In molti e molte volte mi avete chiesto com’è il Natale a Brazza, come lo si vive, come lo si attende.

Natale è, a queste latitudini, soprattutto la festa dei bambini. Il giorno speciale in cui i bambini diventano ‘re’ e in cui le famiglie, dalle più povere a quelle con maggiori mezzi, fanno del loro meglio affinché i figli siano ‘al centro dell’attenzione’, siano vestiti a festa, ricevano almeno un regalo, abbiano un pranzo ricco di prelibatezze.

Natale è, quaggiù, io penso, il più potente degli ossimori della vita. Un po’ come, probabilmente, dev’esserlo stato la prima volta. Il figlio di Dio, per chi ci crede, che viene al mondo in un ricovero per animali, lontano dai centri del potere, alla periferia della storia. Se non è questo un assurdo!

Pensateci bene con me. Natale è, qui, la festa in cui i bambini sono al centro. In cui i figli sono considerati il

bene più prezioso, se non l’unico. Immaginate ora di celebrare il Natale in un Orfanotrofio. Che, non giriamoci troppo intorno, è il luogo che raccoglie e accoglie tanti di quei bambini che la storia, le occasioni, gli eventi, la disperazione hanno messo al margine. Lontano dal centro. Alla periferia, appunto. L’ossimoro più potente della vita.

Che fregandosene degli ossimori fa della periferia il centro.

Lo so che non si dovrebbe fare, che non è ‘politically correct’, che non è, forse, rispettoso da parte mia. Ma lasciate che questo Natale io possa, per una volta, provocarvi e portarvi dove magari non avevate pensato di arrivare.

Natale è la nascita di un bambino, in fondo. Il venire al mondo di un figlio.

Penso, in questi giorni, io che, purtroppo, non ho avuto grazia di essere madre, come avrei voluto che fosse mio figlio. Domanda banale e forse un poco stupida, direte voi. Sono d’accordo. Lo avrei voluto sano, avrei voluto che crescesse circondato d’amore e di bellezza, avrei voluto che fosse, se non spudoratamente felice, almeno capace di sperimentare il fremito di non trascurabili momenti di felicità. E che la vita non gli avesse risparmiato il dolore (ahimè, non si può!), ma che gli avesse dato coraggio, forza, speranza e amici sufficienti per affrontarlo. Il fatto è, madre o no, che i figli non si scelgono. Arrivano, attraversano la nostra vita, la sconvolgono, talvolta la trafiggono, la fanno essere migliore, ne sono, inevitabilmente, al centro.

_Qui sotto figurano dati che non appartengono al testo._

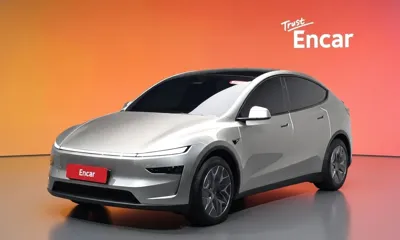 Tesla Model Y · 2026 год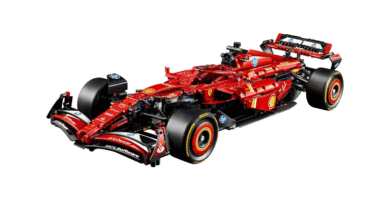 Vista completa del LEGO Technic Ferrari SF-24 F1 sobre fondo blanco, fiel al diseño del coche de carreras real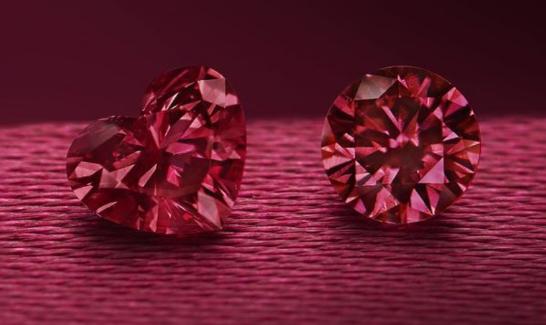 南宁翡翠a货满绿被誉为钻石中的大熊猫-----红色钻石  第2张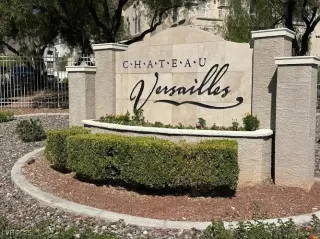 Photo #1: 2710136 Listing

Arrivo al punto, amici cari. In questo mio periferico, ossimorico, strano Natale è uno strappo alla regola che vorrei chiedervi di compiere insieme a me. Di scegliere. Impossibile, direte voi. Ne convengo. Impossibile scegliere un figlio. Ma è questo che invece vi chiedo.

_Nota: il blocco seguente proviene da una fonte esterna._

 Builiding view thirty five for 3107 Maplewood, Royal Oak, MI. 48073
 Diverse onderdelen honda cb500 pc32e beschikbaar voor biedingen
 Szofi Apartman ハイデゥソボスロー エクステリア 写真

160 vite (molte di più per il vero!), sono nella mia vita come la più inaspettata, incredibile, immeritata delle generazioni. E non potrei sceglierne, tra tutti, uno in particolare. Ma in questo Natale sì. Me lo concedo. Scelgo Jonathan, Ange, Joseph, Dieuvie, Prefuge, Fabien, Joel. Che nella loro faticosa situazione di disabilità in un Paese in cui il ‘diverso’, il malato è spesso etichettato come ‘folle’ o ‘stregone’ e messo dunque ai margini, hanno ancora il coraggio di sorridere, di giocare, di abbracciare, di volersi bene, di osare l’impossibile, scandalosa bellezza della vita.

Scelgo Sarah, Monica, Noblesse, Gaetan, Rochelvie. Che nella loro difficoltà di vedere, di sentire, di muoversi, di parlare, mi insegnano ogni giorno, andando a scuola o lavorando, avanzando tra pietre, fango, terra, sole, pioggia e, talvolta, sguardi d’inutile pietà, ad ascoltare quello che non si può udire, a vedere più nel profondo, a camminare verso tutto quello che ancora rimane da realizzare, a fare silenzio, prima di parlare.

Scelgo Arnaud, Merveille, Medardie, Dieuveil, Beldecia, Banzouzi, Sagesse, Beni, Beldina, Dorcas, Erivane…e qui la lista potrebbe proseguire ancora a lungo. Scelgo gli adolescenti. Con il loro magico, intricato, faticosissimo, bellissimo mondo. Non più così piccoli e ‘carini’ da poter essere presi in braccio, non ancora così grandi da poter spiccare il volo da soli. Nella terra di mezzo di una realtà che nega opportunità, scelgo loro. La migliore delle mie, delle nostre opportunità.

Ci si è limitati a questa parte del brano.